Локальное обострение на Светлодарской дуге выявило сразу комплекс проблем в самых разных областях воюющей третий год армии
В очередной раз во весь рост встал вопрос коммуникации военного ведомства и гражданского общества. Снова, как это было в Дебальцево зимой 2015 года, Марьинке в июне 2015 года и многих других случаях, информацию о состоянии дел на фронте мы вынуждены были черпать из "Фейсбука" и "Твиттера" волонтеров и журналистов, которые находятся на разном расстоянии от линии фронта. И это даже не первичные сведения — связи и интернета в районе просто нет — глушится, сообщает Коррупция.Инфо
Хотя пресс-служба АТО по прежнему выдает по две сводки на день, степень раскрытия истинного положения вещей остается на крайне низком уровне. Понятно, что это связано с различного рода ограничениями военного характера, однако нельзя сбрасывать со счетов и неразворотливость информационно-пропагандисткой машины.

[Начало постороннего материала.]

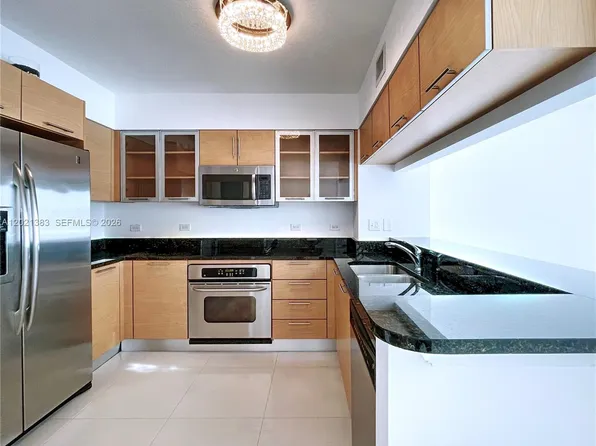 31 SE 5th St APT 2307, Miami, FL 33131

Особенно ярко это проявилось в случае с пленными и якобы убитыми нашими военными. Первыми о том, что в плен попали трое наших и двое из них были убиты после пыток боевиками начали говорить в "Фейсбуке" "персонажи" (уж извините за такое несколько обидное сравнение) "Лили Сова" и "Мирослав Гай" — последний хоть и известный волонтер, однако сам находится далеко от линии фронта. Затем эту информацию понесли достаточно уважаемые в медийных кругах Семен Кабакаев и Александр Шульман. Дошло до того, что министерство обороны было вынуждено сделать заявление, из которого явствует, что в плен попал только один военнослужащий 18 декабря.
Однако 23 декабря в обед опубликовал свою версию и Юрий Бутусов, согласно которой никаких пленных нет вообще: "К сожалению, военнослужащий 1-го батальона, который пропал без вести 18 декабря, вчера был обнаружен погибшим. Тело эвакуировано. Также подтверждено, что два тела наших воинов попали в руки противника. Ребята вырвались вперед…"
Эту же версию несколько позднее подтвердил офицер с позывным "Купол".
То есть на лицо целая истерия, которая не идет на пользу ни военным, ни волонтерам, ни обществу в целом. Прежде всего, вести подобные разговоры в военный период как минимум безответственно, тем более не называя фамилий и званий. Это приводит только к панике у немолодых родителей всех, кто с честью воюет в составе 54-й бригады на фронте и многочисленным звонкам во всевозможные ведомства, которые, естественно, при отсутствии официальной информации не могут дать адекватного ответа.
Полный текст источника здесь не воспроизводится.